Hello! Who is it?

There is something about beautiful but wrathful female ghosts dressed in red that is just plain sexy. Troublesome Night 6 had such a spectral figure and so does this one. Female ghosts just look very enticing in red. If ever one comes after me, I hope it has the good taste to wear this color. Besides the red dress, there isn’t much else in terms of special effects in this low budget supernatural film – but once it gets going it does manage to be fairly entertaining.
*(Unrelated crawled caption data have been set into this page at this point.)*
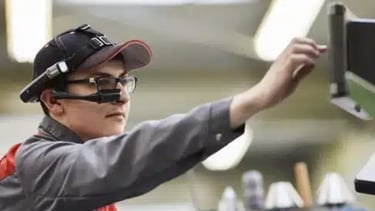 HEXAGATES révolutionne la gestion de matériel grâce aux lunettes connectées.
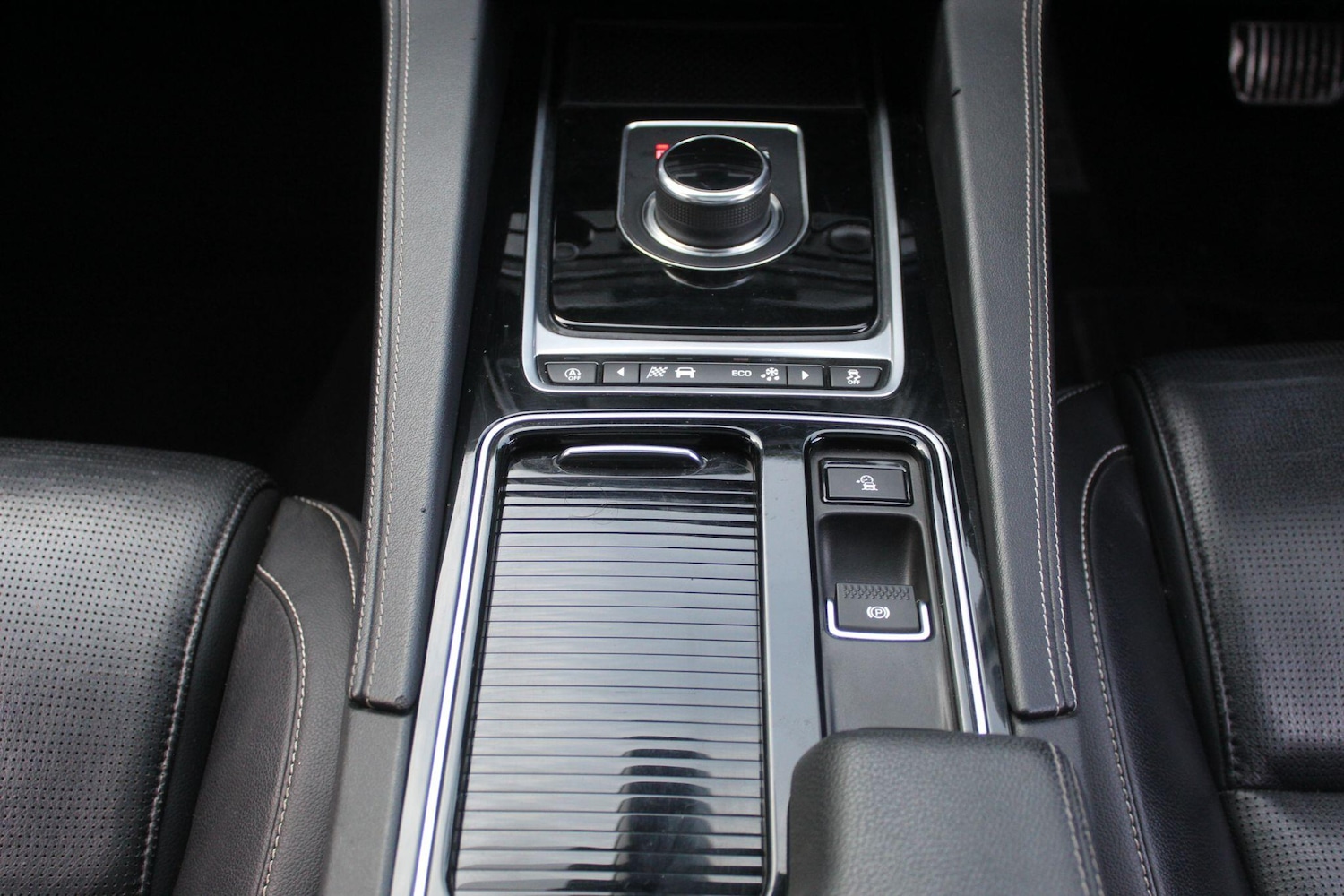 Used Jaguar F-Pace 2017 for sale - 76936426: Photo 23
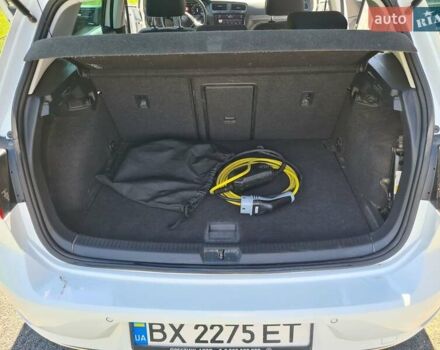 Белый Фольксваген e-Golf, объемом двигателя 0 л и пробегом 136 тыс. км за 19500 $, фото 12 на Automoto.ua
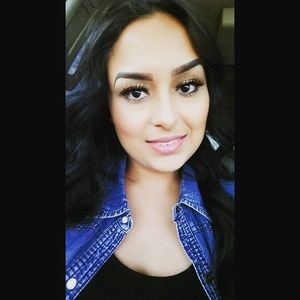 Meet your Posher, Cristina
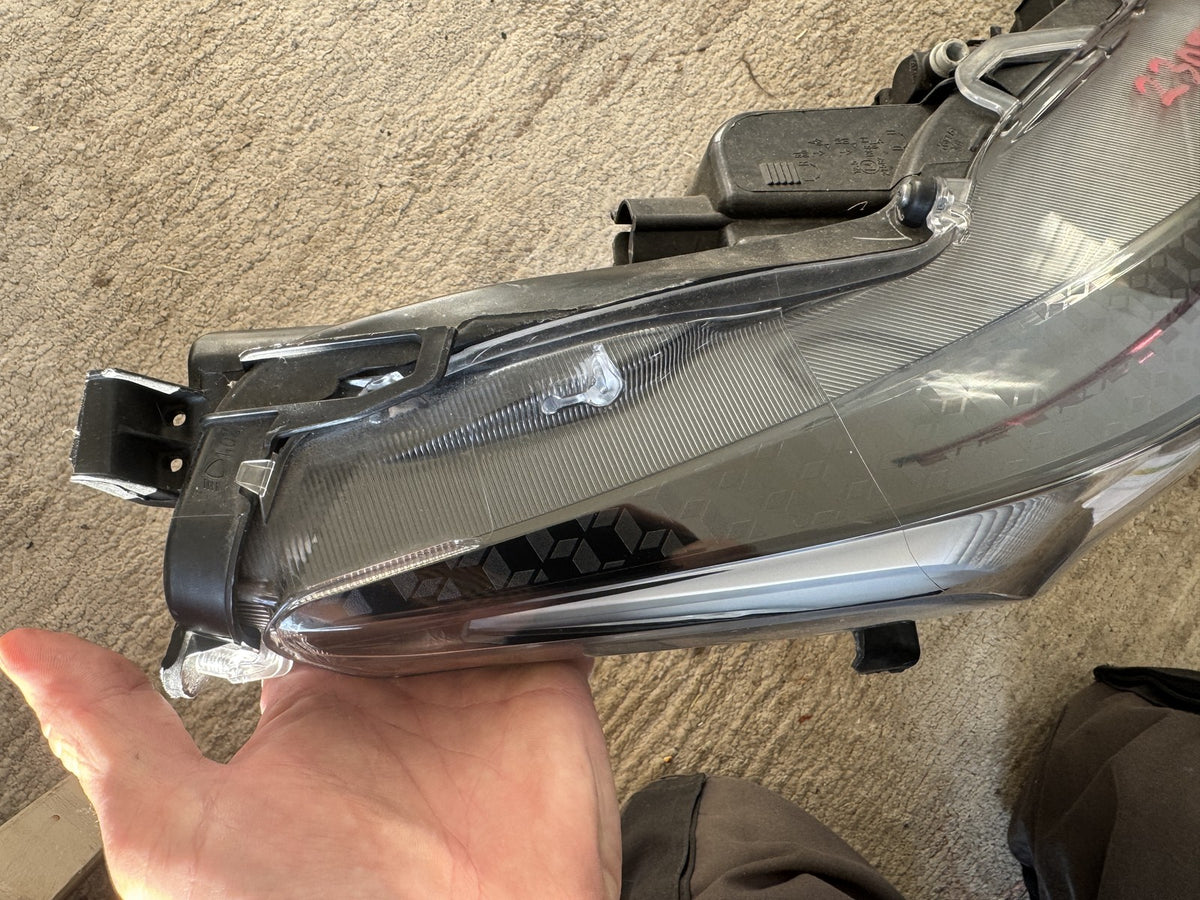 TOYOTA YARIS MK4 XP210 RIGHT SIDE FULL LED HEADLIGHT 2020-ON 81110-K0070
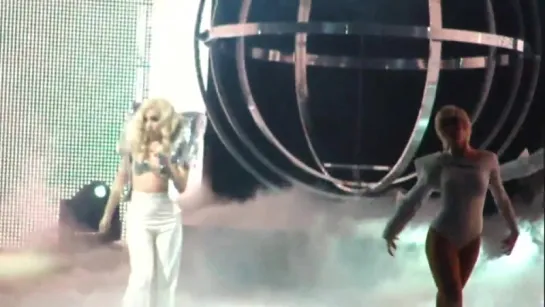 2009 // The Monster Ball Tour 1.0 > Bad Romance (Gagavision.net)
The film falls into that special genre of HK films – women seeking revenge against their rapists – except in this instance she does it after she is dead. To a large extent I have a problem with the number of HK films that depict rape – and in particular in the way in which the filmmakers often make it seem that this is an act that so many men have no problem committing. I find this thought somewhat insulting, but also find it to be lazy and unimaginative filmmaking. This film does go down that road – but at least it also shows the effects that the rape and murder have on this woman and her family. There is one surprisingly emotional scene (in the context of much of the film) when the dead woman visits her elderly mother and pours out her anger, pain and sadness about what has happened to her.  Even though the film is basically a ghost seeking revenge film, it does - even if superficially - have certain sociological and psychological aspects that make it a more interesting film than you might expect.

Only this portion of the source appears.